Minister of Justice
- In office 2003–2004
- Prime Minister: Rafik Hariri

Minister of State for Administrative Reform
- In office 2001–2003
- Prime Minister: Rafik Hariri

Minister of Justice
- In office 31 October 1992 – December 1998
- Prime Minister: Rafik Hariri

Minister of Economy and Commerce
- In office April 1973 – June 1973
- Prime Minister: Amin Al Hafez
- Preceded by: Anwar Sabbah

Personal details
- Born: 10 July 1929 Beirut, Lebanon
- Died: June 2026 (aged 96) Beirut, Lebanon
- Party: Future Movement
- Spouse: Hoda Kyriakos Saad
- Children: 3
- Alma mater: Saint Joseph University; University of Grenoble;

= Bahij Tabbara =

Lebanese politician (1929–2026)

Bahij Tabbara (بهيج طبارة; 10 July 1929 – June 2026) was a Lebanese jurist and politician who held various cabinet posts and was a member of the parliament of Lebanon. He was among the close allies of Rafik Hariri.

==Early life and education==
Tabbara was born in Beirut on 10 July 1929. He received a degree in law from Saint Joseph University in Beirut and a PhD in law from the University of Grenoble in France.

==Career==
Following his graduation Tabbara began to work as a lawyer from 1954. He was also the private lawyer and legal adviser of future Prime Minister Rafik Hariri.
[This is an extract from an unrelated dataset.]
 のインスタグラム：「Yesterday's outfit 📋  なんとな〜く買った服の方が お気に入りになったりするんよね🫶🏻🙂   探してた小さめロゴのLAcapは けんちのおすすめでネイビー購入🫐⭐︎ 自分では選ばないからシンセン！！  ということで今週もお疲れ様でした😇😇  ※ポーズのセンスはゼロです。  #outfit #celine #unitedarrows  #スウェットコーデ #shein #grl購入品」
He taught at Lebanese University and Saint Joseph University in Beirut.

Between April and June 1973, Tabbara was the minister of economy and commerce in the cabinet led by the prime minister, Amin Al Hafez. The appointment of Tabbara and another Sunni Zakariya Nsouli caused controversy in the general public and they were forced to resign. They both resigned from the office together with Al Hafez. Tabbara was involved in drafting the election law of Lebanon in the 1990s. On 31 October 1992, he was named as the minister of justice in the first cabinet of Rafik Hariri. Tabbara held the post in the subsequent cabinets of Hariri until December 1998. He was the minister of state for administrative reform between 2001 and 2003. He was again appointed minister of justice in 2003 and held the post for one year.

In 2005, Tabbara was elected to parliament from the Future Movement. The same year, after the assassination of Rafic Hariri, he was cited as one of the potential candidates for the premiership. In May 2019, he was also proposed as the prime minister following the resignation of the Lebanese government led by Saad Hariri, but he declined the offer.

In addition to his academic and political activities Tabbara was one of the shareholders of the companies, mostly real estate companies, owned by Rafik Hariri.

==Personal life and work==
Tabbara married Hoda Kyriakos Saad, a lawyer. He has three children from a previous marriage. He is the author of several books and articles on legal topics.

Tabbara's death at the age of 96 was announced on 26 June 2026.